Melting Ice Creates a Warming Feedback Loop

One reason warming accelerates over time is that it triggers chain reactions. The most significant involves Arctic sea ice. Ice and snow are bright, reflecting a large share of incoming sunlight back to space. Open ocean water is dark and absorbs that energy instead. Between 1979 and 2011, the Arctic’s reflectivity dropped measurably as ice cover shrank, allowing an additional 6.4 watts per square meter of solar energy to be absorbed over the Arctic Ocean.

Globally, that single change in Arctic reflectivity added a warming effect equal to 25% of the direct warming caused by rising CO2 over the same period. In other words, ice loss doesn’t just respond to warming. It actively accelerates it. Less ice means more absorbed heat, which means more ice melts, which means even more heat is absorbed. This self-reinforcing cycle helps explain why warming has picked up speed in recent decades.

How Close We Are to Key Thresholds

Climate scientists track warming relative to pre-industrial temperatures (roughly 1850-1900) because that baseline represents conditions before large-scale fossil fuel burning began. The Paris Agreement set a target of limiting warming to 1.5°C above that baseline, recognizing that beyond this level, certain climate risks grow substantially. In 2024, the global average hit 1.55°C above pre-industrial levels.

A single year above 1.5°C doesn’t technically breach the Paris threshold, which is assessed over a 20-year average to filter out year-to-year natural variability. But research published in Nature Climate Change found that crossing the 1.5°C mark in a single year is virtually certain (around 99% probability) to fall within the 20-year window that reaches that warming level as a long-term average. The practical meaning: the impacts scientists have projected at 1.5°C of warming, including more intense heatwaves, shifting rainfall patterns, and ecosystem stress, are not a distant future scenario. They’re the conditions beginning to emerge now.

Why It Feels Different Than Before

Warm days have always existed, but several things make today’s warmth qualitatively different. Nighttime temperatures are rising faster than daytime highs in many regions, meaning your body gets less overnight relief during warm spells. Humidity is increasing in many areas because a warmer atmosphere holds more water vapor, making the same air temperature feel hotter on your skin. And the frequency of unusually warm days has shifted: what counted as a rare hot day a few decades ago now occurs several times more often in most parts of the world.
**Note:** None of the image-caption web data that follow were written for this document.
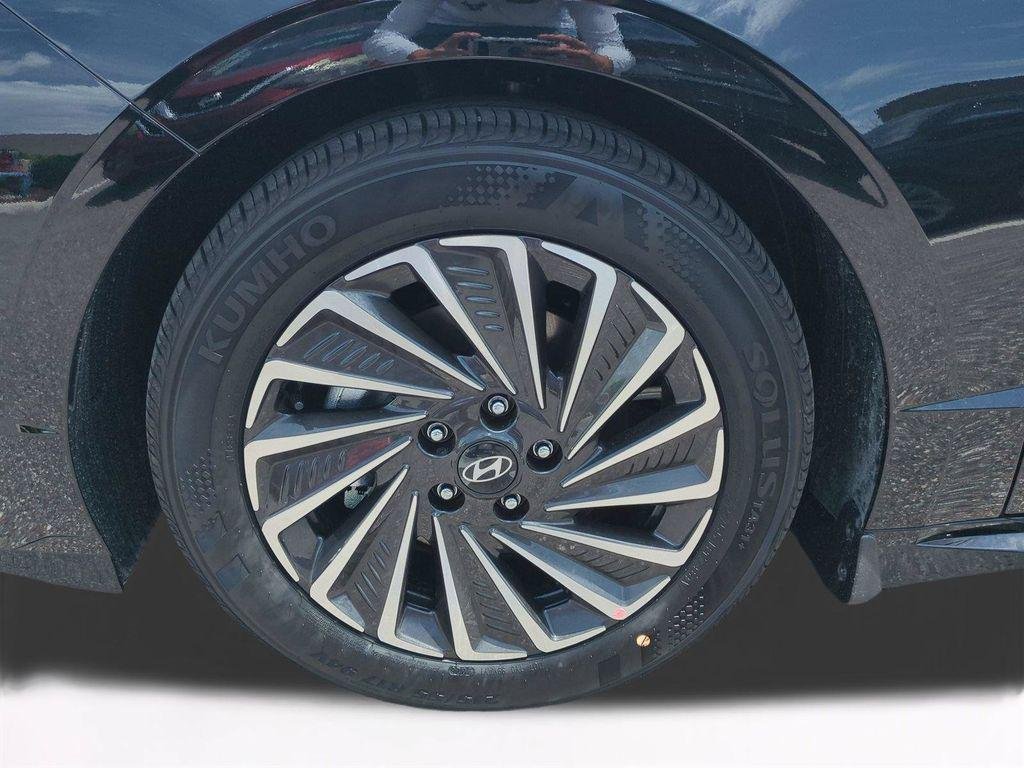 New 2026 Black Hyundai SEL image 11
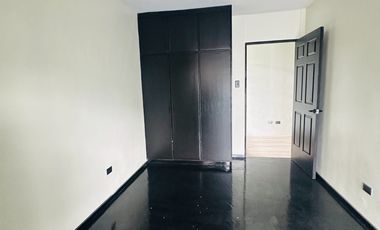 4 Bedroom House and Lot For Sale in Greenwoods Executive Village!
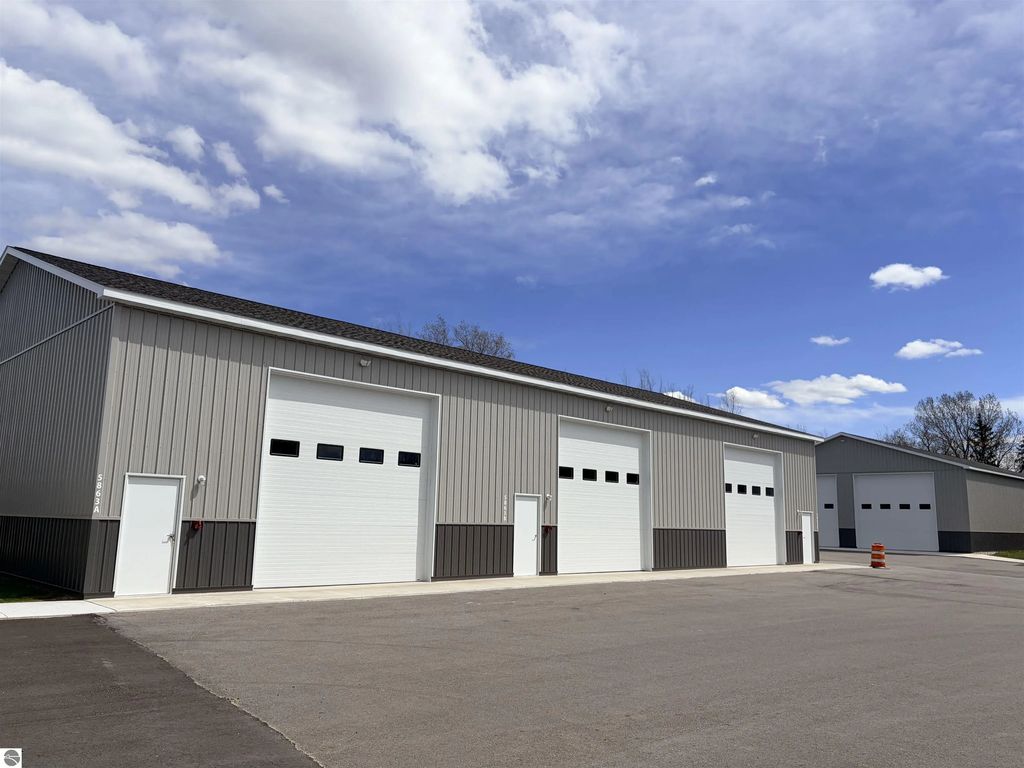 5831 Storage Loop Drive #33b, Traverse City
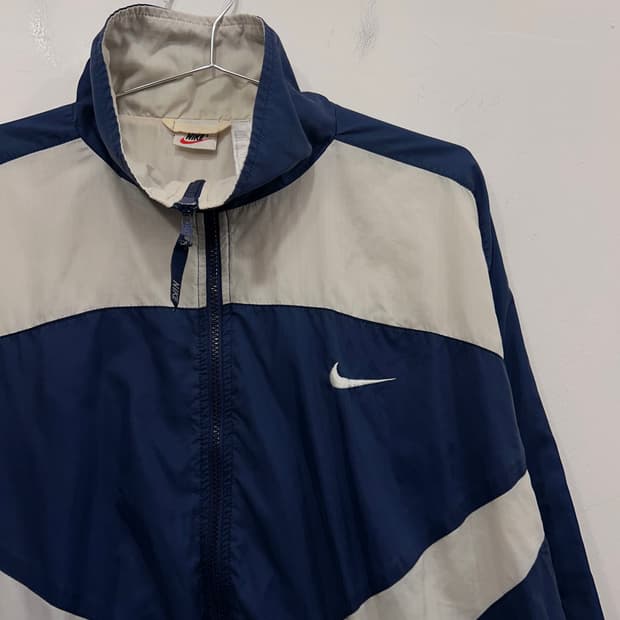 나이키 올드스쿨 배색 라인 하이넥 바람막이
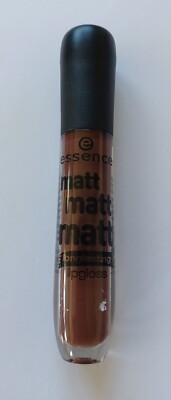 essence Matt Matt Matt Longlasting Lipgloss 09 AMERICAN GIRL 5 ml   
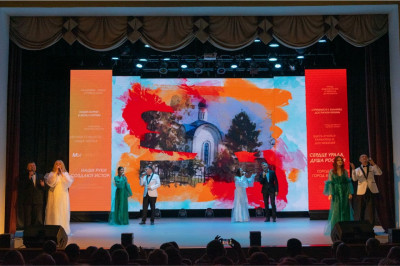 Внутренние светодиодные экраны для театров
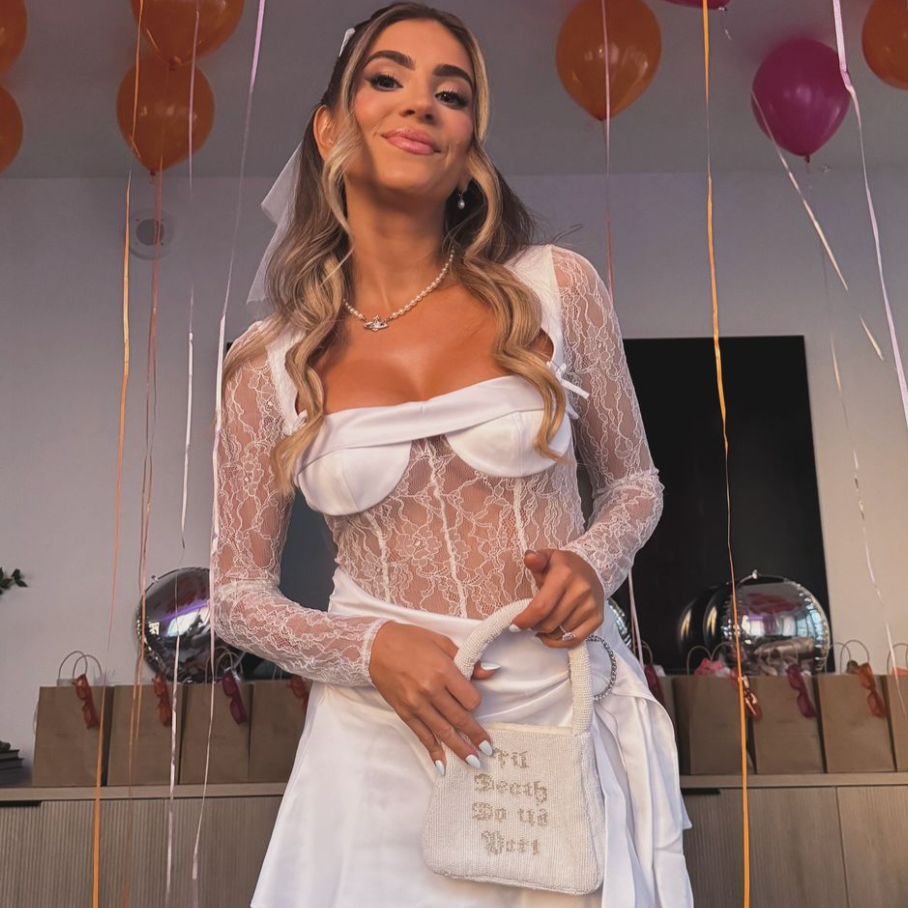 Melis Cifcili bride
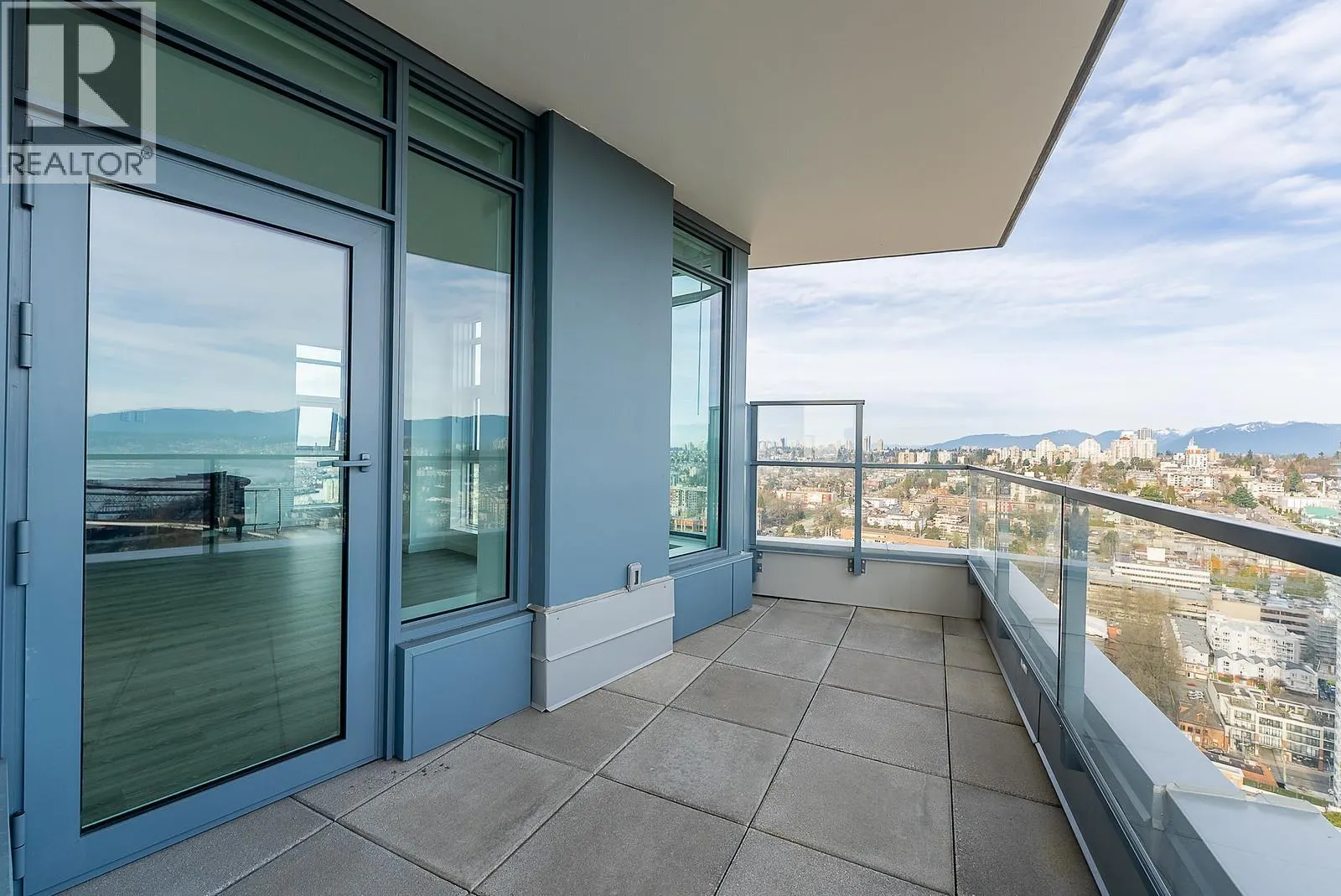 3602 660 QUAYSIDE DRIVE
The warmth you’re noticing isn’t one thing. It’s the greenhouse effect doing what physics predicts it will do, amplified by feedback loops, shaped by ocean cycles, and delivered to your specific location by atmospheric patterns that are themselves changing because of the same underlying warming. Each of these forces is well understood individually. Together, they explain why the weather keeps breaking records.